You don’t know me, and I don’t know you. I’ve never had the chance to see Avenged Sevenfold live, for I am cursed when the band tours. It’s been a year since your sudden, tragic death, and I still can’t embrace the belief that you’re gone. December 28th, 2009 will be a day I will never forget. I remember it as if it was just yesterday. I had arrived back home in Chicago for leave, spending the night at my grandma’s house. As I was about to go to sleep that night, a friend of mine texted me, but hesitated to tell me. When she finally did, I was in shock, and I didn’t want to believe it. When I got home the next morning, I got online, and low and behold, it was true. After I read the news, I was stunned, shocked, numb, chills raising every hair on my body. When it sank in, I cried.

When Nightmare came out, I was excited. All of the songs paying tribute to you, the album art remembering you. The inlay of the CD made me cry. To this day, the songs “Fiction” and “So Far Away” always bring a tear to my eye, and race a chill down my spine. Even now as I type this letter I have chills.

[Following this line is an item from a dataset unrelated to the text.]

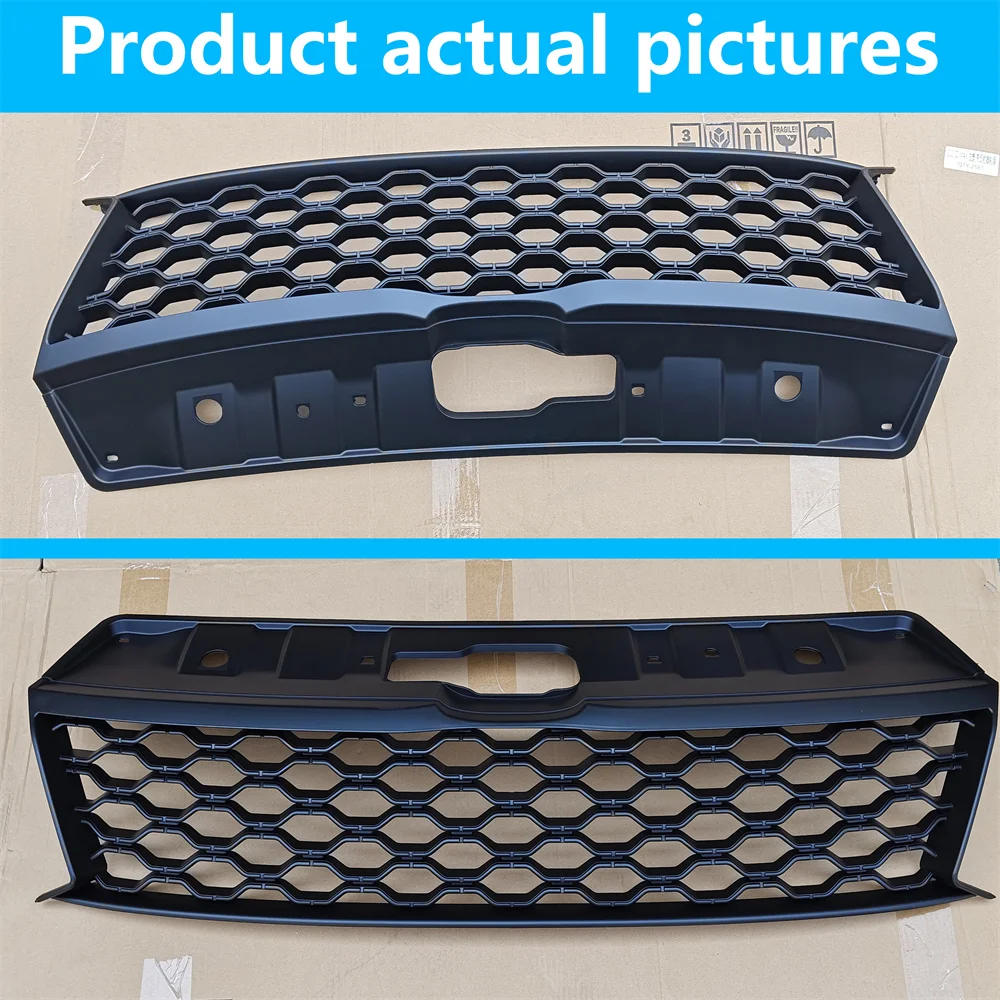 Car Front Grille For Volkswagen VW Amarok 2015+ ABS Material Gloss Black Front Mesh Grill Bumper Grills Accessories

Now, one year later, I still can’t believe it, and I probably never will fully embrace the fact. I do know that you are gone, and on December 28th, 2010, the internet was full of A7X fans uniting as a family to pay their tributes, their respects, to celebrate your life, to mourn your death. It was one of the most amazing things I had ever seen, and been apart of.

I love A7X with my life. I have the utmost respect for the band and everything they do. It goes even deeper than the music though. The constant support I see for us in the military ran up that respect. The music gives me the motivation and the drive to be a better person. I will love and support A7X for as long as I live, even though it upsets me that I never got the chance to see the band with you drumming. It still saddens myself, and many other fans that you’re gone from us, but we know you’re up there watching over us. I am not a big believer in Heaven or Hell, but I do believe that you are up there smiling down on the guys, smiling down on Leana, smiling down on friends and family, and smiling down on all of the A7X fans who have united to show you so much love on the one year anniversary of your death.

RIP James Owen “The Reverend Tholomew Plague” Sullivan. Always loved and never forgotten. Your pain is gone, your hands untied.